A retinal tear left untreated can progress to a retinal detachment, where the retina peels away from the back of the eye. This is a sight-threatening emergency. The key distinction: posterior vitreous detachment (the gel pulling away cleanly) is common and usually harmless. A retinal tear or detachment is uncommon but urgent. An eye exam is the only way to tell the difference, which is why any sudden onset of floaters and flashes warrants a same-day or next-day visit to an eye specialist.
How Floaters Are Diagnosed
The exam itself is straightforward. An ophthalmologist or optometrist will use eye drops to dilate your pupils, widening them so light can reach the back of the eye. This lets the specialist examine the vitreous and retina in detail, checking for tears, detachments, or bleeding. The dilation takes about 20 to 30 minutes to kick in and leaves your vision blurry and light-sensitive for a few hours afterward, so you’ll want someone to drive you home.

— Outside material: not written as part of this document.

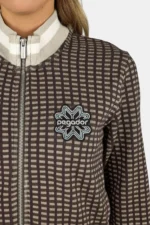 Ferrara Slim Track Jacket Washed Walnut Brown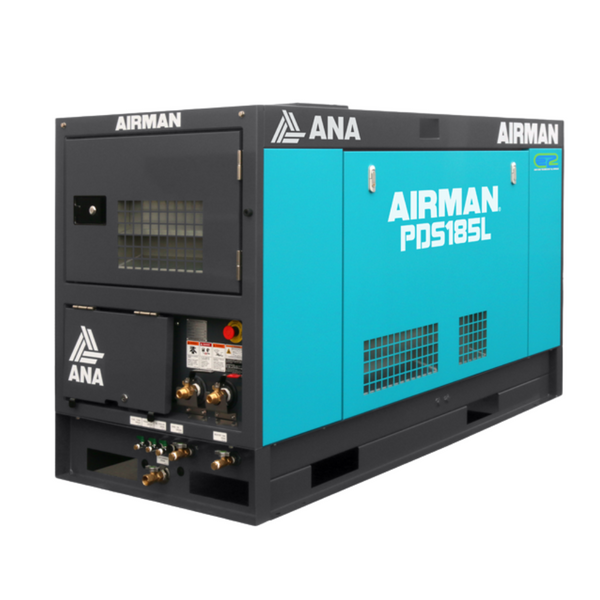 Airman PDS185L-5E1 185 CFM 47.6 HP Yanmar Diesel Utility Mount Air Com ...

In some cases, the exam reveals a separate condition called asteroid hyalosis. Instead of dark, drifting shapes, this involves tiny glittering yellow-white particles suspended in the vitreous. These particles are made of calcium and lipid deposits, not collagen. Asteroid hyalosis is usually discovered incidentally during a routine exam and rarely affects vision.
Treatment Options
Most floaters don’t need treatment. Over time, many drift out of your central line of sight or your brain learns to filter them out, making them less noticeable. For the minority of people whose floaters are large, dense, and genuinely disruptive to daily life, two options exist.
Laser Vitreolysis
This in-office procedure uses a focused laser to break apart the collagen clumps causing floaters. It’s noninvasive, performed through a contact lens placed on the eye, and takes about 15 to 20 minutes. In a clinical trial, 54% of patients reported symptom improvement after a single treatment session. An earlier study found lower success rates, with only about one-third of patients reporting significant resolution. The risks include elevated eye pressure, retinal tears, retinal detachment, and cataract formation if the laser contacts the lens, though in the controlled trial, adverse event rates were no different between treated patients and those who received a sham procedure.

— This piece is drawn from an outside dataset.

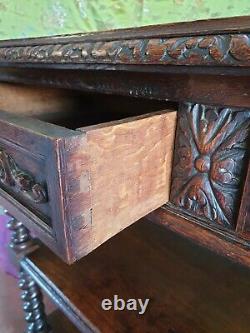 Antique Gothic Oak Green Man Buffet! @@ FREE UK DELIVERY @@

Laser vitreolysis works best on large, well-defined floaters that sit away from both the retina and the lens. Small, diffuse floaters scattered throughout the vitreous are harder targets and less likely to respond.
Vitrectomy
This is a surgical procedure where the vitreous gel is removed and replaced with a saline solution. It’s the most effective way to eliminate floaters, but it carries real surgical risks. In a review of 116 consecutive cases, retinal detachment occurred in about 2.5% of patients. Cataract development after vitrectomy is also common, particularly in patients over 50, and many will need cataract surgery within a few years. Because of these risks, vitrectomy is generally reserved for floaters severe enough to significantly impair quality of life or interfere with work and driving.
Living With Floaters
For most people, floaters are an annoyance rather than a medical problem. A few practical strategies help. Wearing sunglasses on bright days reduces the contrast that makes floaters stand out. Adjusting screen brightness or using dark mode can make them less visible during computer work. When a floater lands in your line of sight, a quick up-and-down eye movement shifts the vitreous fluid and moves the clump out of the way temporarily.
The brain is remarkably good at adapting. Floaters that seem impossible to ignore in the first few weeks often fade into the background within a few months as your visual processing adjusts. That adaptation isn’t guaranteed for everyone, especially with large or centrally located floaters, but it’s the most common outcome.